• _Action item_: Repeat, word for word and with nothing added, each line from the one containing "vidaXL Cutie de" to the final line of the data, keeping both ends. Pictures are not part of the copy.

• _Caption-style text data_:
------------------------

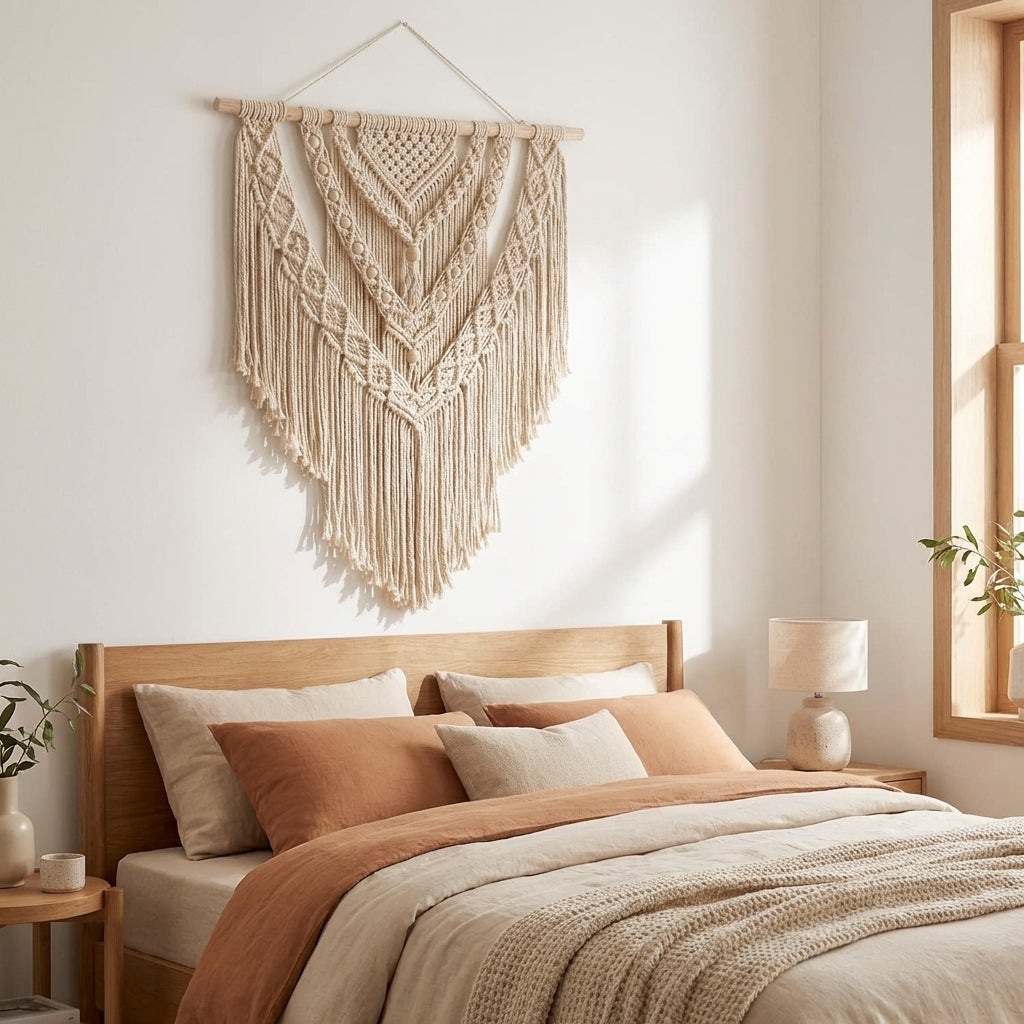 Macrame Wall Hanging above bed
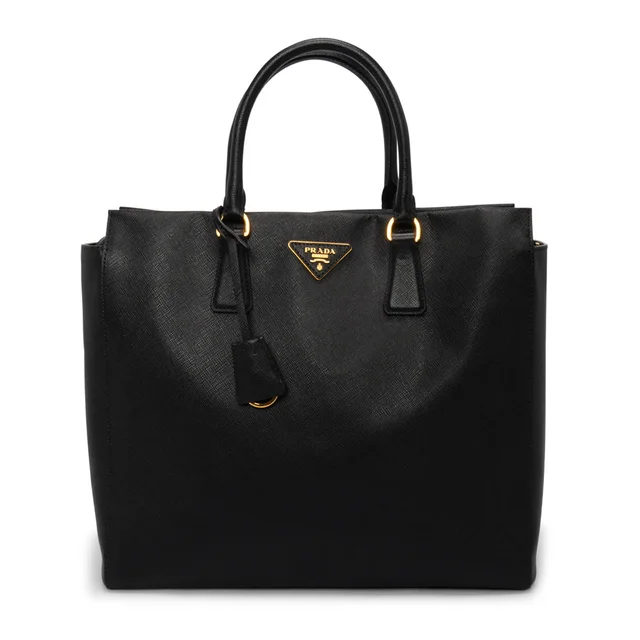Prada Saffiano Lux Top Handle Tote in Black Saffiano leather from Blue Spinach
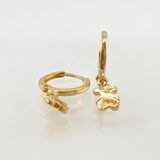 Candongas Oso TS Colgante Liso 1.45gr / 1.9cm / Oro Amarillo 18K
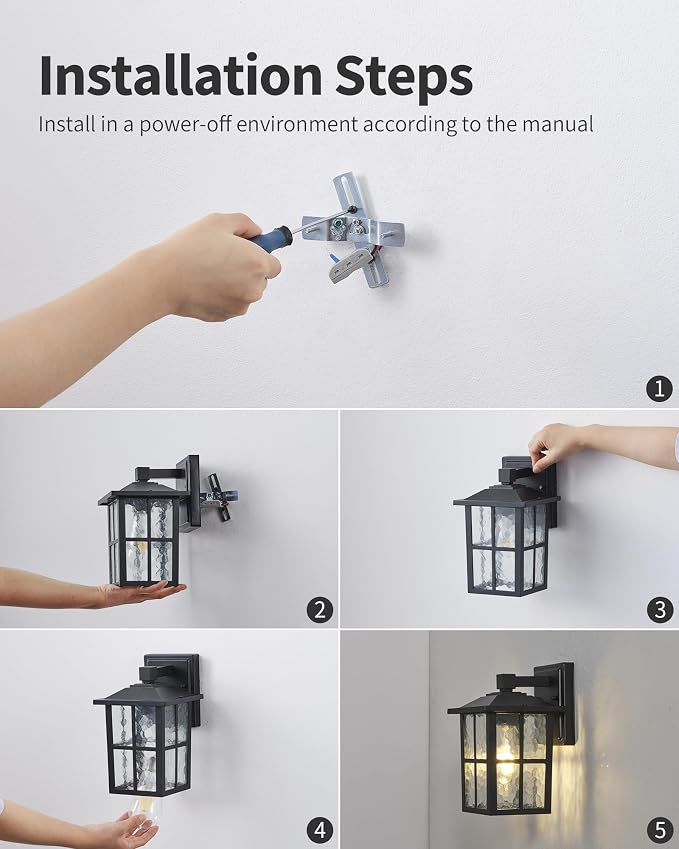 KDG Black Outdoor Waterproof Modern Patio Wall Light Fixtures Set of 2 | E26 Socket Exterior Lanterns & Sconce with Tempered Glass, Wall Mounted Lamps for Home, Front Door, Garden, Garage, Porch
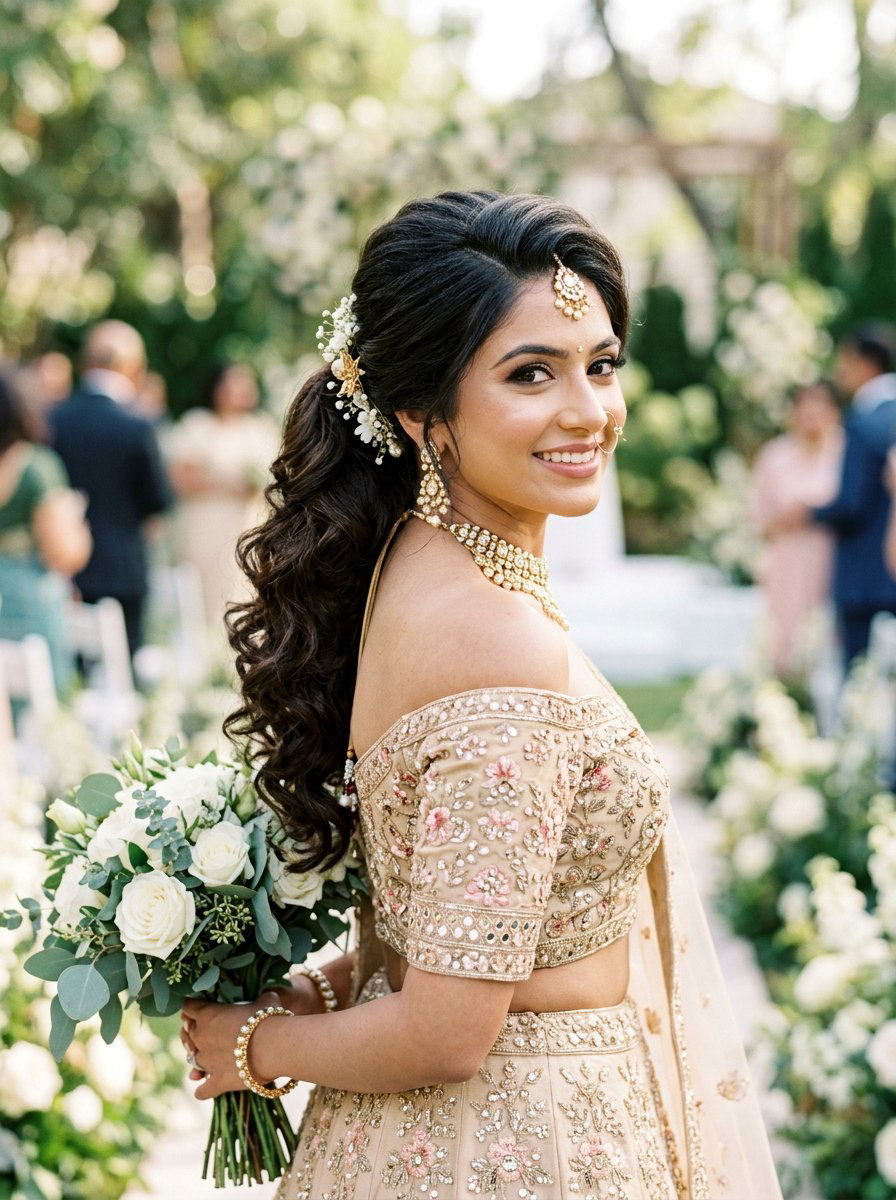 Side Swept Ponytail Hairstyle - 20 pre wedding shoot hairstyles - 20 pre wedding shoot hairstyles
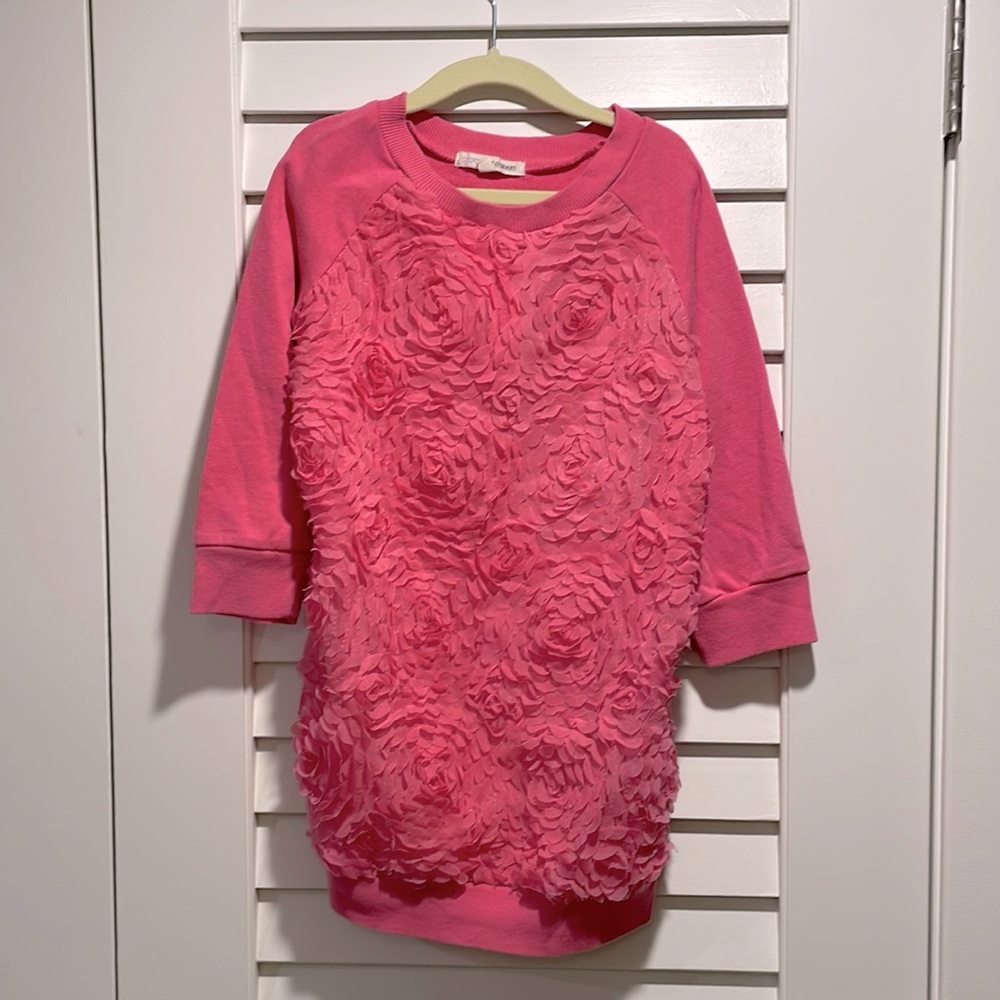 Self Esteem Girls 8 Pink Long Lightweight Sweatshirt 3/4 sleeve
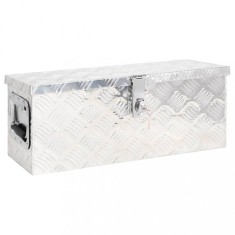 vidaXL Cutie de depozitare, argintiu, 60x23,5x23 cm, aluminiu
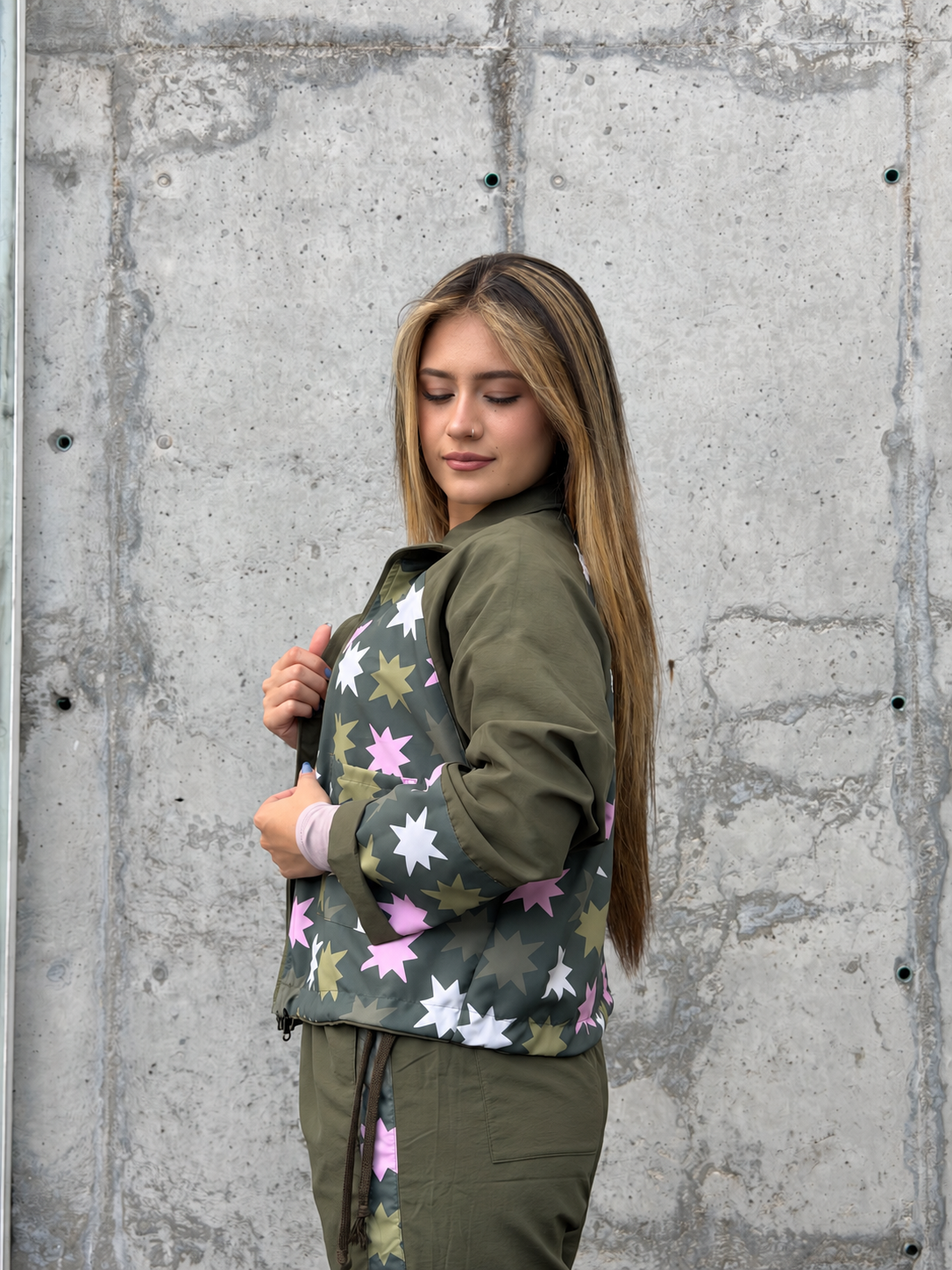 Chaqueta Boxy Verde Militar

------------------------

• _The answer_:
 vidaXL Cutie de depozitare, argintiu, 60x23,5x23 cm, aluminiu
 Chaqueta Boxy Verde Militar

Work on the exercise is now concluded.